The Los Angeles Police Department has played a critical role in violently shutting down protests against Immigration and Customs Enforcement across the city since the Department of Homeland Security began executing immigration raids at local workplaces on June 6. According to White House Press Secretary Karoline Leavitt, immigration agents arrested more than 300 immigrants in Southern California between June 6 and June 11.
At the ensuing anti-ICE demonstrations, the LAPD has arrested 575 people and shot hundreds of crowd-control munitions. As of June 16, the city had spent more than $17.2 million on the LAPD’s response to protests, according to L.A. City Controller Kenneth Mejia. That is roughly four times the amount of funding allotted to the city’s Emergency Management Department for the entire fiscal year.
That large sum includes the massive response to June 14’s No Kings protests, when every one of the LAPD’s nearly 9,000 officers were mobilized and approved for overtime pay. The total does not include the potential cost of lawsuits against the LAPD, however, which may significantly drive up the final price tag.
Police action during L.A. protests in 2020 have cost the city nearly $12 million and counting in settlements and jury awards, with many more cases yet to be adjudicated. Similar lawsuits in response to LAPD action at recent anti-ICE protests are already being pursued.
Earlier this week, the L.A. Press Club filed suit against the police department and city over violence toward journalists covering the protests, according to its attorney Carol Sobel, who successfully sued the LAPD in 2020.
“The whole world can see what’s going on. There probably weren’t enough [less-lethal] bullets to shoot all of the press and prevent coverage, but that would’ve been their goal had they been able to do it,” Sobel said.

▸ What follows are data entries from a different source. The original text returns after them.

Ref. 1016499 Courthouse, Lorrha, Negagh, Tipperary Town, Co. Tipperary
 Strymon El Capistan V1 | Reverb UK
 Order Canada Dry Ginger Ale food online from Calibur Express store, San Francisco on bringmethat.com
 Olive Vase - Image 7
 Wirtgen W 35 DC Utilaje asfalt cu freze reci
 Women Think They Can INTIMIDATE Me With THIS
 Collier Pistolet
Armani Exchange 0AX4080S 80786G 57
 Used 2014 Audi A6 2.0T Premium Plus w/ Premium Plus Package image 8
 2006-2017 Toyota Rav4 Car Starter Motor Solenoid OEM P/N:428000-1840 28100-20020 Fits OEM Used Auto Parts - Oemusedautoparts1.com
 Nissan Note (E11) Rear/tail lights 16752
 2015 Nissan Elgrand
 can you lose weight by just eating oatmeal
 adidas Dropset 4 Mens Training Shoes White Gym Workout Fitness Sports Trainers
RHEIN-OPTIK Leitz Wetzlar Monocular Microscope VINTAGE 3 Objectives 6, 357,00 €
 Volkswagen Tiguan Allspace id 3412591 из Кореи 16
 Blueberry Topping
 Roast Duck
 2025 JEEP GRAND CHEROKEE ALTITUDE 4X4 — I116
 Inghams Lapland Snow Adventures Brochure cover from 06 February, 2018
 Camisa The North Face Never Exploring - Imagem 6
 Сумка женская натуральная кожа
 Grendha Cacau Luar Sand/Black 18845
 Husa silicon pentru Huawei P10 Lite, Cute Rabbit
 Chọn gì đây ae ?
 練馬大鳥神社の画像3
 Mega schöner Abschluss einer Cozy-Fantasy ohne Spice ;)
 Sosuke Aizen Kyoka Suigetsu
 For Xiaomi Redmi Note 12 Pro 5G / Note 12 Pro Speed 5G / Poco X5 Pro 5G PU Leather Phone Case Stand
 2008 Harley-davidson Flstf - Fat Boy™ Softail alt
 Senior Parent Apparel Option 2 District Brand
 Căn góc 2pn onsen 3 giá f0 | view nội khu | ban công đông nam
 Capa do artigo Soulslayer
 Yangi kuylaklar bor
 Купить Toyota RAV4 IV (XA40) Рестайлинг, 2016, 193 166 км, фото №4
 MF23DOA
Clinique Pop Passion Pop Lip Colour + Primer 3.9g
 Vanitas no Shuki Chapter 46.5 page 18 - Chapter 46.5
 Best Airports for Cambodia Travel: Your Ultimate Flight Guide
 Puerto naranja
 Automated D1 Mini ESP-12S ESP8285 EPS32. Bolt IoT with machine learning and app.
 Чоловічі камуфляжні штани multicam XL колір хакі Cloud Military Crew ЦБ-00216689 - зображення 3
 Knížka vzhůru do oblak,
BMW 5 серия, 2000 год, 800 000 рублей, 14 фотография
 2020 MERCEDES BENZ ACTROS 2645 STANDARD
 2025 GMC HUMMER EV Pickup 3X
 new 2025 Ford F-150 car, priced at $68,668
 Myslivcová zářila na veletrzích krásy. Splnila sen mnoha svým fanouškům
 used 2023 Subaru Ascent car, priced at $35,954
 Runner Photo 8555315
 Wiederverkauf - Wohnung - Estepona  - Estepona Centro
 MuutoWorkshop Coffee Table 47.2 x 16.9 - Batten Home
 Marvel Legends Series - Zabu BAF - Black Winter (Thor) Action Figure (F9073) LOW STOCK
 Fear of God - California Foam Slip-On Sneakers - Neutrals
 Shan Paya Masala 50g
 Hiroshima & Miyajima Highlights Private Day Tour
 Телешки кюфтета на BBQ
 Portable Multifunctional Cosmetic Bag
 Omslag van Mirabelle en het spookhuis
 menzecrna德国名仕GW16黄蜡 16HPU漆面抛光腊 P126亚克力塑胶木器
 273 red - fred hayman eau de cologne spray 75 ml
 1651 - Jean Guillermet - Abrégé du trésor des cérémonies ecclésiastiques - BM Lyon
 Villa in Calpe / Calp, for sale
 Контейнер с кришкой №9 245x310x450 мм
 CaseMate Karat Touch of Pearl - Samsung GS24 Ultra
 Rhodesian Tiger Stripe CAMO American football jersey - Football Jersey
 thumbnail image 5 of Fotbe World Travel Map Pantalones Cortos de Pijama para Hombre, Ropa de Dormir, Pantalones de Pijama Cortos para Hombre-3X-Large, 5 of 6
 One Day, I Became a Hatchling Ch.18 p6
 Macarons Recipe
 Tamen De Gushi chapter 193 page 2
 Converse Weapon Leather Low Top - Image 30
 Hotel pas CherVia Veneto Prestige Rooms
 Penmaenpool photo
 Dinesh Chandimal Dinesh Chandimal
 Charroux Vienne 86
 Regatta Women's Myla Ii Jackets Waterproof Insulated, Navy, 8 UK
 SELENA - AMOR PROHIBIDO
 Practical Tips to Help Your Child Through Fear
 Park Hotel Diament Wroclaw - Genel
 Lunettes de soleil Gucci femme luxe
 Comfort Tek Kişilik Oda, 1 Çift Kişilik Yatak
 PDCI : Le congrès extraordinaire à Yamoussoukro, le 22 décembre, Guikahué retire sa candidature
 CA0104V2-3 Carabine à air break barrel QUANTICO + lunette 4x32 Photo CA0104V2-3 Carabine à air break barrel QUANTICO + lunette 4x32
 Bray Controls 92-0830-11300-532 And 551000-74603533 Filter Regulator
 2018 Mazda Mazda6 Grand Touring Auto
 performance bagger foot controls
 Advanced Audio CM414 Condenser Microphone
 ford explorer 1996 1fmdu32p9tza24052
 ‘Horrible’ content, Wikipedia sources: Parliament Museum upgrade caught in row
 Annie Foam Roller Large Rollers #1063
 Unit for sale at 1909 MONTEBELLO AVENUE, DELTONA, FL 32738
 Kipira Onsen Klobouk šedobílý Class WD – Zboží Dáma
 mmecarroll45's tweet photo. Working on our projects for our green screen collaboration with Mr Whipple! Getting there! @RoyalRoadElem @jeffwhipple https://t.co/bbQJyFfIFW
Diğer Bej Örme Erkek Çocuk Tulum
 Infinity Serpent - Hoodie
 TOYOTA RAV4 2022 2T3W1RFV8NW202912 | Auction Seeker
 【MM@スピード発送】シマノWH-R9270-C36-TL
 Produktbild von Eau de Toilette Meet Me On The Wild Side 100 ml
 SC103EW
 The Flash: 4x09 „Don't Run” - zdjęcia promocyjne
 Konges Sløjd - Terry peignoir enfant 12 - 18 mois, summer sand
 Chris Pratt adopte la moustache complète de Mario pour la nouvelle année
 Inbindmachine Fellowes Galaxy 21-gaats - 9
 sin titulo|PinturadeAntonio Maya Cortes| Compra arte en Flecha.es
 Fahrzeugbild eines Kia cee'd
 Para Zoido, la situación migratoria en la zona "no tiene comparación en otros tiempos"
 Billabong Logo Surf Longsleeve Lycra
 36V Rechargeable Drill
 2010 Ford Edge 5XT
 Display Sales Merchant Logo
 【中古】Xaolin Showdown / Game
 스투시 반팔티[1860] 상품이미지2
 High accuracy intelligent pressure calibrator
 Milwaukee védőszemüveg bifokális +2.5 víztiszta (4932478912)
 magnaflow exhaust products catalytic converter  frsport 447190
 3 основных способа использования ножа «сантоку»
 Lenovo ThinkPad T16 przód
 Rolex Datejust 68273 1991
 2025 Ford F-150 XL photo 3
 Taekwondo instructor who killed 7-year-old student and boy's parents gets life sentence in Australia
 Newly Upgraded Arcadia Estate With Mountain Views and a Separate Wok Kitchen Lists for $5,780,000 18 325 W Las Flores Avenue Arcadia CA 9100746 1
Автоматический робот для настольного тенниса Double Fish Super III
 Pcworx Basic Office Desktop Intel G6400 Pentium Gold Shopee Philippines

According to Sobel, the LAPD has repeatedly ignored laws implemented after the 2020 George Floyd protests by continuing to attack the press and indiscriminately deploying crowd-control weapons among protesters, which has resulted in significant injuries and may result in more litigation. The L.A. Police Commission has since announced its intention to investigate such accusations of excessive force complaints.
The LAPD declined Capital & Main’s request for comment.
Sobel expects many lawsuits against the LAPD for injuries caused by its crowd-control methods to be successful, which would leave the department — and by extension, the taxpayers — on the hook for many millions of dollars in damages.
Those increased costs would put significant pressure on the city’s already strained budget, which was signed into law earlier this month and cuts more than 1,700 positions across city departments. Despite the cuts, that budget increased the LAPD’s funding by nearly $90 million. What’s more, the LAPD is now seeking an additional $12 million in funding to cover overtime pay for its protest crackdown.